Kebede, who grew up in Addis Ababa helping in his family's restaurant, said he tries to replicate those flavors and smells in Yenat Guada, his eatery in Vickery Meadow. He's there from open to close, not only overseeing his staff but often covering for them.
"I play many roles," he said. "If I don't have a wait staff I don't have to wait for someone to come in, so I have to serve them, and then if someone's not in the kitchen, I don't have any choice but to do it myself, if you don't have anybody at the bar, you have to do it."
According to a study by the Germany-based Institute of Labor Economics, immigrants tend to be more able, ambitious, aggressive and entrepreneurial than similar people who chose to stay in their place of origin.
"They chose to come to this country to give up their lives in their home country, so that's entrepreneurial itself," Lim said. "They're geared to sort of that risk-taking, sort of setting out on their own and making it for themselves."
Another reason immigrants are more likely to start a business, Lim said, is the social networks they lack in a new country.
Most immigrants don't have many options after leaving their country, as opposed to native-born Americans — most of whom have the chance to choose a career path and find employment through friends, family members, co-workers and other connections built over time.
"You can find a job," he said. "If you lose your current job, you'd reach out to friends or family, perhaps you belong to a church or other co-workers whom you've worked with in the past."
But even in Dallas, where the average immigrant has been in the U.S. for 17 years, according to a city census, most of the foreign-born don't have that luxury.
"It's an all-in kind of mindset," said Nilesh Naik, who was born in Zanzibar to Indian parents. "So in essence, we haven't burned our bridges, but we have, right? 'So let me see if this works, and if it doesn't work I'll go back.' It just has to work."
Naik's parents arrived in Dallas in 1976 and immediately invested in a hotel, he said.
"If you look at the hospitality business, from Day One you got an investment, from Day One you've got something that's producing cash, but by the same token you also have a roof over your head," Naik said.
Three years after graduating from Stanford University, Naik invested in a hardware manufacturing company, where he now owns the majority stock.
Based in far northeast Dallas, Eagle Circuit Inc. makes circuit board prototypes for tech companies. Naik said he wasn't worried about risks.
"It's more of like, you're young, you're energetic and you want to try something new, so I said, 'Let's do it,'" Naik said.

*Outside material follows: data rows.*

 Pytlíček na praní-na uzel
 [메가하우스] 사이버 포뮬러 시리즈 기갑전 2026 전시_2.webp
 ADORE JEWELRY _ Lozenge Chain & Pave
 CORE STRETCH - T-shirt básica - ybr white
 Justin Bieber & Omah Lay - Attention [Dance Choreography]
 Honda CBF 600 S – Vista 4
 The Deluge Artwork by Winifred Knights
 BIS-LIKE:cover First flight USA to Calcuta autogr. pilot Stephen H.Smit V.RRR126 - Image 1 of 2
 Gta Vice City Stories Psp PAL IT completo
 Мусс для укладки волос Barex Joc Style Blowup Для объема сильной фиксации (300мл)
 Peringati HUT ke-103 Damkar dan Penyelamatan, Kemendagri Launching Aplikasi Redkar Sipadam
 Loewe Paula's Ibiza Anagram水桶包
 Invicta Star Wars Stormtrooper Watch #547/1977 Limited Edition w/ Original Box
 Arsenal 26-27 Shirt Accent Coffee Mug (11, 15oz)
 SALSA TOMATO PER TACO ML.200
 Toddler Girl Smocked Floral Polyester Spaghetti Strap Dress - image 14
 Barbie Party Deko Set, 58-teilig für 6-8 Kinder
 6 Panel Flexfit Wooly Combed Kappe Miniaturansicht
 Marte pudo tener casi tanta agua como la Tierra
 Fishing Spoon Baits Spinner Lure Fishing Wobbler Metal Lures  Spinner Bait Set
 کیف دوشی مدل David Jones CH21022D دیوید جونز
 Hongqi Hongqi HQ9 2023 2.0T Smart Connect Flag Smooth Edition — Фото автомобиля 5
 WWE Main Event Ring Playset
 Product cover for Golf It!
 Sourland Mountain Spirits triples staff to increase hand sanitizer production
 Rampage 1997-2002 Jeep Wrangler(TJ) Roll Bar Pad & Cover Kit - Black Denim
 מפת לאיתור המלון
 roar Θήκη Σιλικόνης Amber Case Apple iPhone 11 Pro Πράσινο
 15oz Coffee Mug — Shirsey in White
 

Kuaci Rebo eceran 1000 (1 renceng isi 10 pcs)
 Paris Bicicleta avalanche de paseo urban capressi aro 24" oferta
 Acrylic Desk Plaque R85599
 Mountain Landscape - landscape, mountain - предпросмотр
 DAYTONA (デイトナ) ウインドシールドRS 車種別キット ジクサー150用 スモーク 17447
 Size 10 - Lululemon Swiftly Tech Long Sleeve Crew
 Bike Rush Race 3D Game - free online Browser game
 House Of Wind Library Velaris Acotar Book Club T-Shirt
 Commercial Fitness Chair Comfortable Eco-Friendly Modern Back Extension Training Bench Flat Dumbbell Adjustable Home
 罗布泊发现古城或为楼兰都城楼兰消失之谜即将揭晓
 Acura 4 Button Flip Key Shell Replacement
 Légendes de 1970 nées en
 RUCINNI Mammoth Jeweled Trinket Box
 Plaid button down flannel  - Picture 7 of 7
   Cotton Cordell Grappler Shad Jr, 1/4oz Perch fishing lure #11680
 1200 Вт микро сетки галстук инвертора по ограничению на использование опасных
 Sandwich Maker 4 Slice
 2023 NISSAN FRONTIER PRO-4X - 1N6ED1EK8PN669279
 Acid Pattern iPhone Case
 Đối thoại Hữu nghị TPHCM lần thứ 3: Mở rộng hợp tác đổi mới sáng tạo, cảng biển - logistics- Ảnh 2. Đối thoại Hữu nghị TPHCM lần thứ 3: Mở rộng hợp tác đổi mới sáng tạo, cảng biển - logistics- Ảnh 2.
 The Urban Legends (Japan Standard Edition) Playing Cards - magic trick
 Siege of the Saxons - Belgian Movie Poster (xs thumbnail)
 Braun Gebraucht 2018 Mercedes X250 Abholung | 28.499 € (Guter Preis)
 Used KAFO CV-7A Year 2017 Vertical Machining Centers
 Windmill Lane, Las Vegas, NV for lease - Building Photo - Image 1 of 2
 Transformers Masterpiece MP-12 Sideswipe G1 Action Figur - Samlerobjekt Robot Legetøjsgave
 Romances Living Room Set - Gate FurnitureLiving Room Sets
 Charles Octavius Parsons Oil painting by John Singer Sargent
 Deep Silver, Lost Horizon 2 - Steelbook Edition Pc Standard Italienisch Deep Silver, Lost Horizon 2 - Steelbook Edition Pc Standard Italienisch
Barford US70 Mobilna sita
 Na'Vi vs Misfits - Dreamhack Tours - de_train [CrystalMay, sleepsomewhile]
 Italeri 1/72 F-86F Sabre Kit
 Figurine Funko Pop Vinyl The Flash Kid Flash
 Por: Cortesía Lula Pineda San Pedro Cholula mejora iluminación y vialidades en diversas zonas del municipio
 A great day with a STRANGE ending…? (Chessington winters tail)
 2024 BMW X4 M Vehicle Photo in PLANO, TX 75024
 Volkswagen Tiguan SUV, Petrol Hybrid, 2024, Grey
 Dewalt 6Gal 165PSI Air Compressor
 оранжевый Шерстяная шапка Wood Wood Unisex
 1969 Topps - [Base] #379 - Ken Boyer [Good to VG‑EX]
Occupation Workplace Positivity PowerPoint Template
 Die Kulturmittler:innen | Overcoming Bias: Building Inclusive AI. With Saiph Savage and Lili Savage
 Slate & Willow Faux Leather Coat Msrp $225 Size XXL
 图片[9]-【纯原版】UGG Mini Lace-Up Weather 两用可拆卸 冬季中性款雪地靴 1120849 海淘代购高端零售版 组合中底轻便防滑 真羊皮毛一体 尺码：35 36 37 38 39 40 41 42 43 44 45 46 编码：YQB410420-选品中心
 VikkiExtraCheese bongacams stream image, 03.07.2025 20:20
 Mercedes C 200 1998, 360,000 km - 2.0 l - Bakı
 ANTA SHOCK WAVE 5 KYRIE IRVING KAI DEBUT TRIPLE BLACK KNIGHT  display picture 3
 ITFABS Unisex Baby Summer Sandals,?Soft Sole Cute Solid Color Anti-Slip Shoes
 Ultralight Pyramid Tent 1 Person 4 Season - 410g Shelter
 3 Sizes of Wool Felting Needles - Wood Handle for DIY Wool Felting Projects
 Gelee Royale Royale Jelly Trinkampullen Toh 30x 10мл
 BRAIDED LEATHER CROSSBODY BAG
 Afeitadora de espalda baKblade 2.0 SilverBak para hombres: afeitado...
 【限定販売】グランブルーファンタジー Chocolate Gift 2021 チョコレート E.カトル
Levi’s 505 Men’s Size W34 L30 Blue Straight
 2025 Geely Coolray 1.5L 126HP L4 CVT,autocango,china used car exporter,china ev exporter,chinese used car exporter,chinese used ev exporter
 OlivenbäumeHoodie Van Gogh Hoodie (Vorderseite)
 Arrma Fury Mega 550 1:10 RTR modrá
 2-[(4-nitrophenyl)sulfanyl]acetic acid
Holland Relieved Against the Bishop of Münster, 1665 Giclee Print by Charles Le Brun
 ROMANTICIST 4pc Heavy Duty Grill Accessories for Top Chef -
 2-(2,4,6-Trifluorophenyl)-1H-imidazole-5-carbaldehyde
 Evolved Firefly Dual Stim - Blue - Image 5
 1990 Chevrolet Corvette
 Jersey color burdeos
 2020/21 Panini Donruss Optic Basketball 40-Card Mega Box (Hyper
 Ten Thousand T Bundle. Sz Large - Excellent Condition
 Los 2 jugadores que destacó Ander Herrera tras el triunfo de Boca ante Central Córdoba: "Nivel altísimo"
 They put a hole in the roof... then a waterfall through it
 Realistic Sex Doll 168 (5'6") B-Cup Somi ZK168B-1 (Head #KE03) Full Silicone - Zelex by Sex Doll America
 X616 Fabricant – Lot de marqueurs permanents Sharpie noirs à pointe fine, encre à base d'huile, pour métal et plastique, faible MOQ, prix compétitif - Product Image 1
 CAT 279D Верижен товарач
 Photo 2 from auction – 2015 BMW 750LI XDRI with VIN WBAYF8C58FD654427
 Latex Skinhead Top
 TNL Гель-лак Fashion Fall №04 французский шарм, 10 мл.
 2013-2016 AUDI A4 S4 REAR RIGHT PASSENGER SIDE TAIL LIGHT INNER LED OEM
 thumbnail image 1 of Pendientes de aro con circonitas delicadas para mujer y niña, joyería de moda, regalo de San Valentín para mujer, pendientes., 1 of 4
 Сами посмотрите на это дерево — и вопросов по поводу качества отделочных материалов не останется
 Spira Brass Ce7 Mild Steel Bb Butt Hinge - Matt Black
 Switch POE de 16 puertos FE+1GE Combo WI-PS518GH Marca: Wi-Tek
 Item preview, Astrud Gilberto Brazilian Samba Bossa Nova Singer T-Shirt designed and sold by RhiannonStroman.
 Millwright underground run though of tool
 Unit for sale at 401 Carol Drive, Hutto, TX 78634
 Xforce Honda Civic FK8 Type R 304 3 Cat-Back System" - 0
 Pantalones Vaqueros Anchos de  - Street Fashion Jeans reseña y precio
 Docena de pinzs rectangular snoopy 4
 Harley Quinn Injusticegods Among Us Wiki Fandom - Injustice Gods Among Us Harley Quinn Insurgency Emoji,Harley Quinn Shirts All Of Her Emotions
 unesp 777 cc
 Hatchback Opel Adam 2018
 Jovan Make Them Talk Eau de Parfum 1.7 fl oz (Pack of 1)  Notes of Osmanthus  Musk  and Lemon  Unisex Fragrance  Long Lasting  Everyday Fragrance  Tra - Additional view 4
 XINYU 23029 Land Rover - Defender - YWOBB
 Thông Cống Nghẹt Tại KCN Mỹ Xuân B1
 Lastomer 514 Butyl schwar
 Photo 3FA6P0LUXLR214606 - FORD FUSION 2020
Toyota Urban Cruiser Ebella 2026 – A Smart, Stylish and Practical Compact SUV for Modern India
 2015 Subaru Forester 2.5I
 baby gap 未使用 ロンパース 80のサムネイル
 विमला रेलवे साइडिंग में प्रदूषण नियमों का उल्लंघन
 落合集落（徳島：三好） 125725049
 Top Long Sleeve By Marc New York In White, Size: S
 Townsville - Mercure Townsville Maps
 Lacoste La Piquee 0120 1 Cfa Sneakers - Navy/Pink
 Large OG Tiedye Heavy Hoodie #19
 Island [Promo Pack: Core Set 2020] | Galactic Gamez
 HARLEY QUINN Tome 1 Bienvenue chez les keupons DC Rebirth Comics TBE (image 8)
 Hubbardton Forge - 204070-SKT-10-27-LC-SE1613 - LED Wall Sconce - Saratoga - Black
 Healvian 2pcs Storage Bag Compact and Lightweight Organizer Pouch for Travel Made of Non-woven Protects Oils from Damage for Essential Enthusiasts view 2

Even in the early 2000s, he said, when the trend of outsourcing manufacturing to countries in Asia began to emerge, the company, partly under his leadership, was able to adapt to the circumstances.
While the city of Dallas has set contract goals for businesses owned by ethnic minorities and women, there's no specific program in place to help immigrants who want to start a new business, said Liz Cedillo-Pereira, who oversees the Office of Welcoming Communities and Immigrant Affairs.
Naik has for decades been involved with the U.S.-India Chamber of Commerce in Dallas-Fort Worth. He attends networking events, which he said have been great for his business. Naik, 54, tries to advise young entrepreneurs in the chamber.
"If somebody's trying to get started, it's a great way just to have the background that kind of connects them, it helps break the ice a lot quicker," Naik said.
Cedillo-Pereira said her department focuses on civic engagement for now, but one of the priorities is to break down barriers for immigrants' success.
"We know from the data that it's sort of a magical thing," Cedillo-Pereira said. "Immigrants are entrepreneurial, and they have a way of being resilient and surviving and thriving even in difficult times, but if we can help them be included at a much more accelerated rate, I think that we would see a giant economic impact as a result locally and nationwide."